二、被告人が勾留された別紙第(二)記載の事件につき、公訴提起がなされたのちも、余罪について取調のため、現在も引き続き、代用監獄に身柄を拘束していることは違法または不当である。
よつて被告人の勾留場所を前記留置場とした原裁判は違法または不当であるのでその部分の取消、変更を求めてて本件準抗告に及ぶ。
第三当裁判所の判断
一、関係記録によれば次の事実を認めることができる。
(一) 被告人は昭和四八年一月二二日別紙(一)記載の事実の被疑者として逮捕され、同月二四日東京地方裁判所裁判官により勾留場所を代用監獄万世橋警察署留置場と定めて勾留され、同年二月一日勾留の期間延長ののち、同月一二日右事実につき同裁判所に公訴提起された。
(二) 被告人は、同様に同日別紙(二)記載の事実の被疑者として逮捕され、同月一五日同裁判所裁判官により勾留場所を前記留置場と定めて勾留され、同月二三日勾留の期間延長ののち、同年三月六日右事実につき同裁判所に公訴提起され、その後も引続き同留置場に勾留されている。
二、関係記録よりうかがわれる別紙(二)記載の事実の事案の内容その他一切の事情を考慮すると、原裁判が、当時勾留場所を代用監獄に定めたことは違法とも不当とも認めがたいので、申立の理由一の弁護人の主張は、採用できない。
三、申立の理由二の弁護人の主張について考えてみると、所論の実質は、現段階において、被告人の身柄を代用監獄から勾置所に移すことを求めるもの、すなわち勾留場所の変更ないし移監の措置を要求しているものであることが明らかであり、したがつて、検察官が移監の措置をとらない本件においては、現行刑訴法上裁判所が職権により勾留場所の変更ないし移監をなしうるかどうかがまず検討されなければならない。
この点について現行法規上明文はないが、一般的に明文のないことをもつてただちに裁判所にそのような権限がないものと即断することは相当でなく、関係法規の立法の趣旨、相互の関係等を考慮し、適正な解釈によつてこれを定めるべきところ、裁判所(官)は勾留状の発付のみならず、その執行後においても職権でその勾留の取消(法八七条一項)、執行停止(九五条)、保釈(九〇条)をなしうるなど、被告人(被疑者)の身柄の処置につき包括的な権限を認められており、勾留の場所についても、勾留状発付の際検察官の請求になんら拘束されずにこれを決定しうる(法六四条一項参照)のであるから、勾留状発付後の事情の変更により、最初勾留状に定めた勾留場所が適当でないと認めるに至つたときは、職権により勾留の場所を変更することができるものと解するのが相当である(旭川地方裁判所昭和四七年九月八日決定、判例タイムズ二八五号二五三頁参照)。
してみると、申立の理由二については、制度上右のような解決の道があるのであるから、原裁判の適法性および相当性を事後的に審査し、簡易迅速に処理すべき準抗告審としては、本件のように原裁判後著しく遅れて生じた事情を考慮して立ち入ることは許されないものと解するのが相当である(弁護人としては、勾留場所の変更につき当地方裁判所刑事第一四部の裁判官に対し職権の発動を求めるなどの措置をとるべきである。

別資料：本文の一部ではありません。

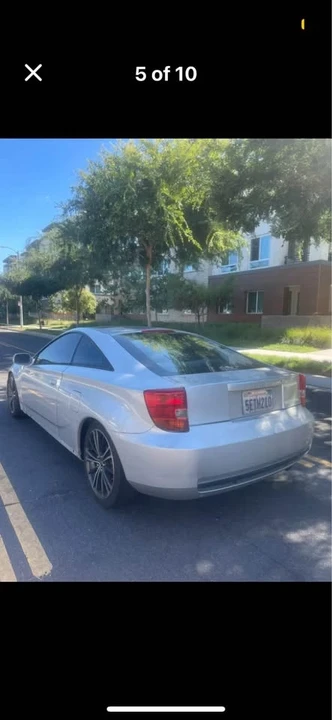 2001 Toyota Celica 7th Gen - Image 5 of 10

)。
四、よつて、本件準抗告は結局理由がないことに帰するから、刑訴法四三二条、四二六条一項により主文のとおり決定する。
別紙(一)
被告人は、ほか数名と共謀のうえ、治安を妨げ、かつ、人の身体、財産を害する目的をもつて、昭和四四年一一月一日午後一時ころ、東京都千代田区永田町二丁目一四番二号山王グランドビル二階アメリカ大使館広報文化局アメリカ文化センター受付において、煙草ピース空缶にダイナマイトおよび塩素酸カリウムを充填し、これに電気雷管、タイマーおよび電池を結合した時限装置付手製爆弾を右受付カウンター上に装置し、もつて、爆発物を使用したものである。
別紙(二)
被告人は、ほか数名と共謀のうえ、治安を妨げ、かつ、人の身体、財産を害する目的をもつて、昭和四四年一〇月二四日午後七時ころ、東京都新宿区若松町九五番地警視庁第八機動隊、同第九機動隊正門前路上において、煙草ピース空缶にダイナマイトなどを充填し、これに工業用雷管および導火線を結合した手製爆弾一個を右導火線に点火して前記機動隊正門に向けて投てきし、もつて、爆発物を使用したものである。